◆ Activity ◆
The entries are to be written out word for word, with their images left out.

◆ Records to use ◆
== == ==
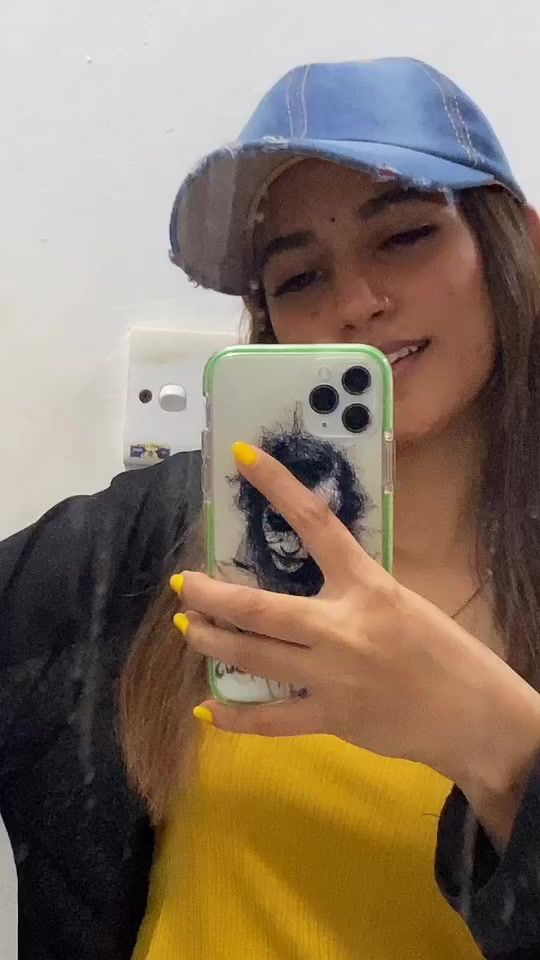 TikTok video thumbnail by sairiyamurugiah_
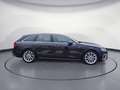Audi A4 35 TFSI S tronic S line Assist Stadt+To Schwarz - thumbnail 6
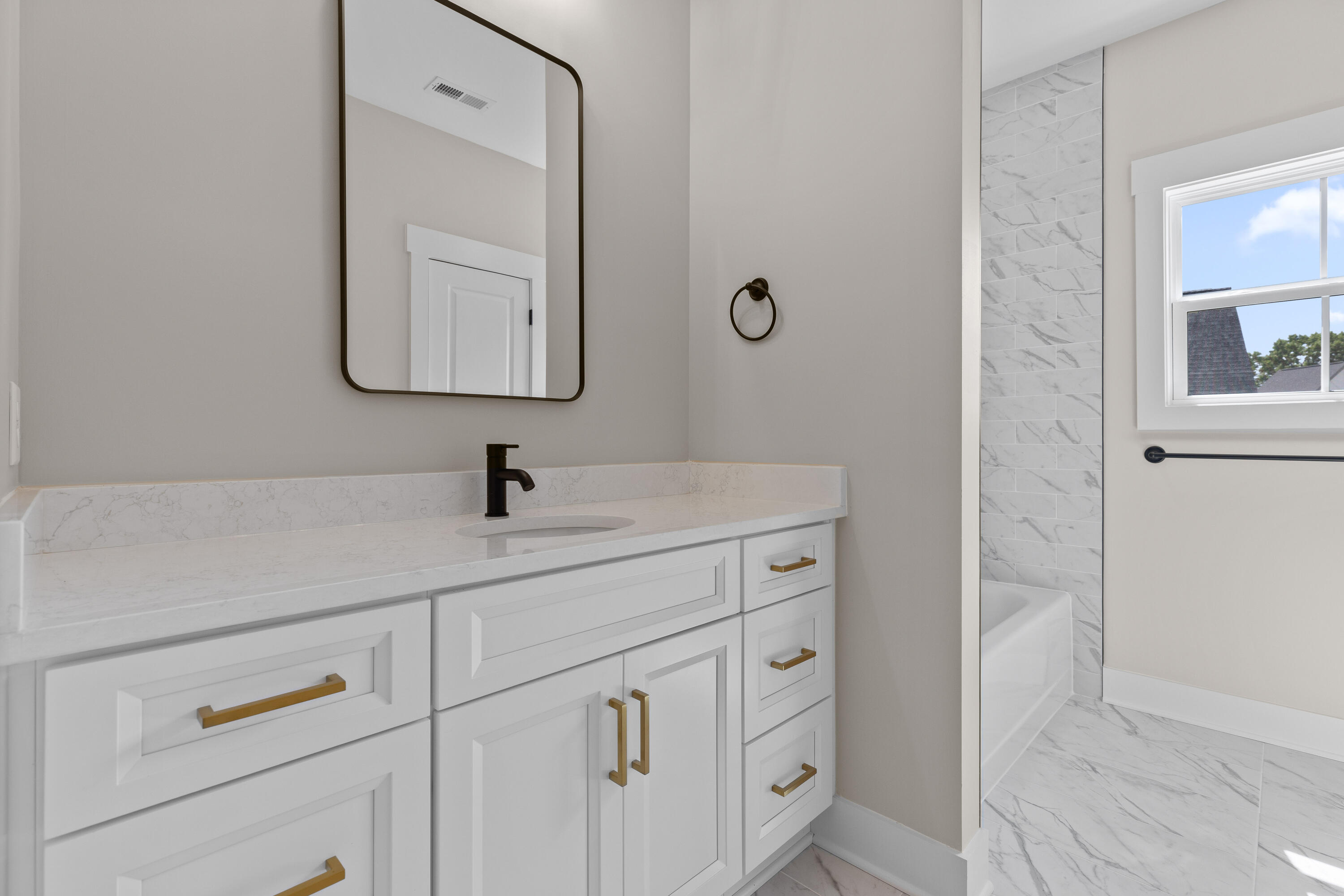 8112 Sir Oliphant Way, Lot #32 — photo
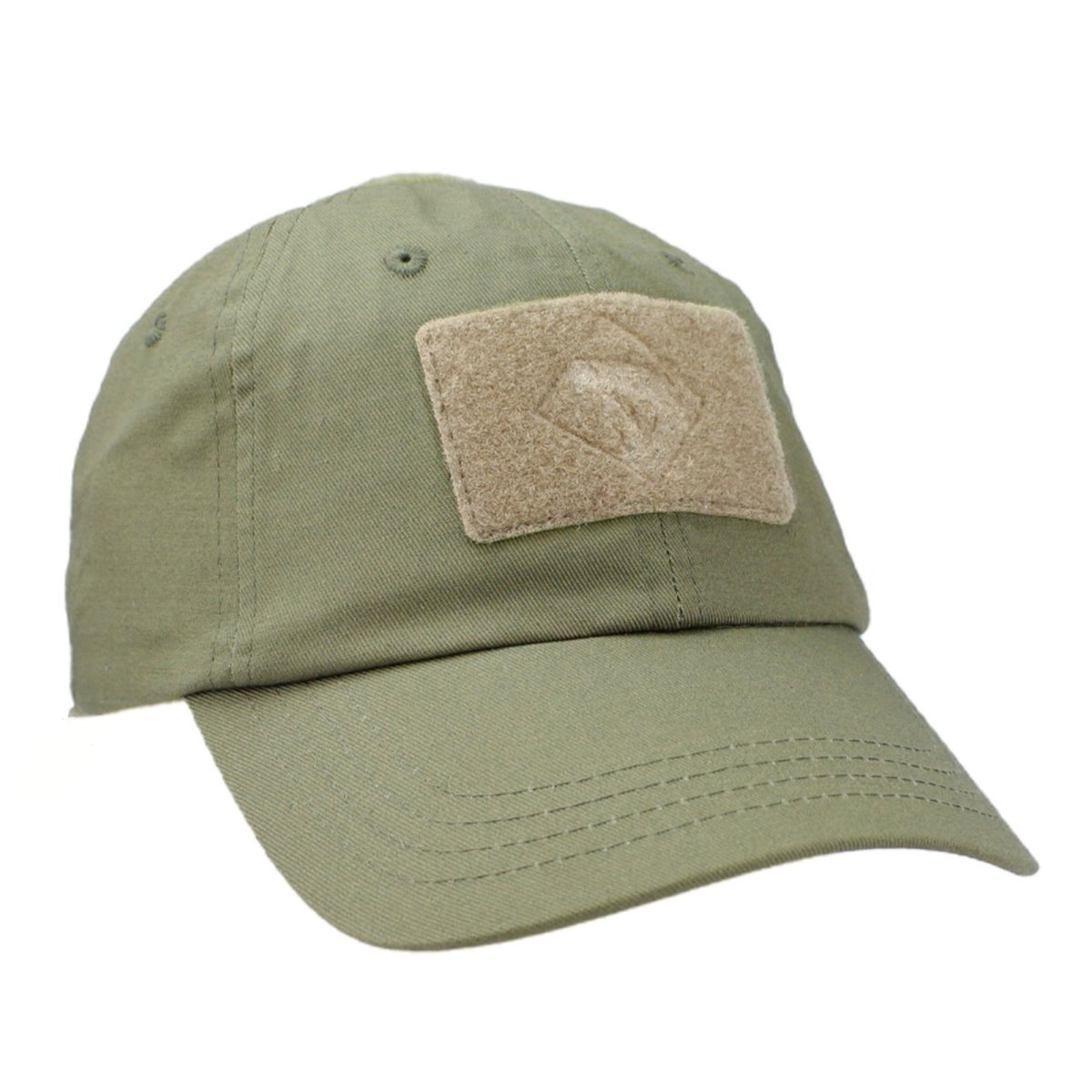 Rattlesnake Tactical Cap - Forza Sports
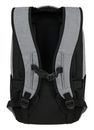 American Tourister Urban Groove UG15 Laptop Backpack 15.6" Urban Grey Melange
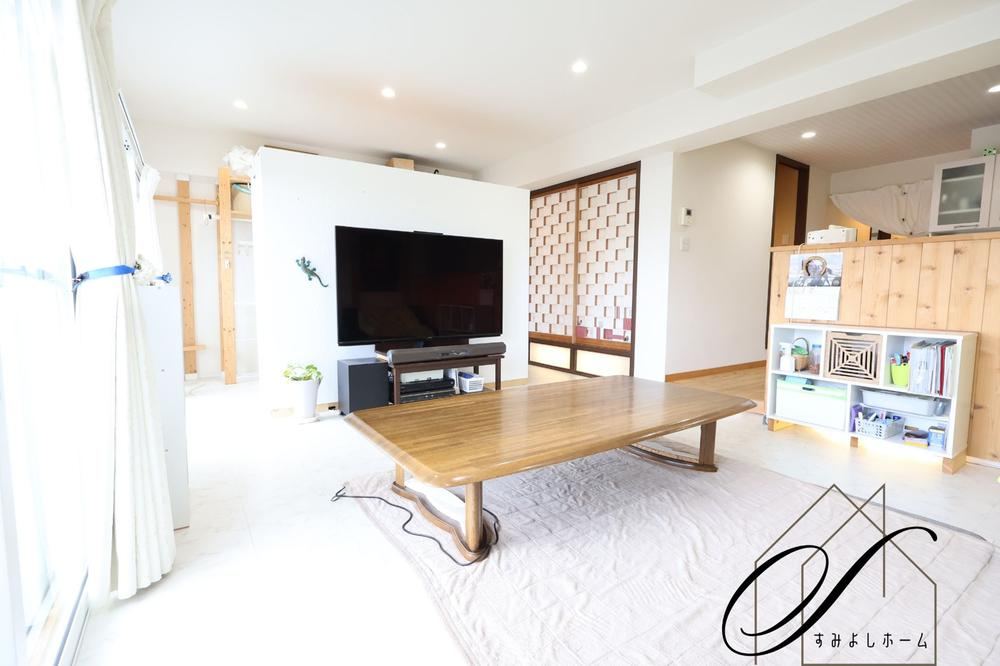 2LDK apartment in Fushimi Ward, Kyoto - Photo 1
== == ==
◆ Result ◆
 TikTok video thumbnail by sairiyamurugiah_
Audi A4 35 TFSI S tronic S line Assist Stadt+To Schwarz - thumbnail 6
 8112 Sir Oliphant Way, Lot #32 — photo
 Rattlesnake Tactical Cap - Forza Sports
 American Tourister Urban Groove UG15 Laptop Backpack 15.6" Urban Grey Melange
 2LDK apartment in Fushimi Ward, Kyoto - Photo 1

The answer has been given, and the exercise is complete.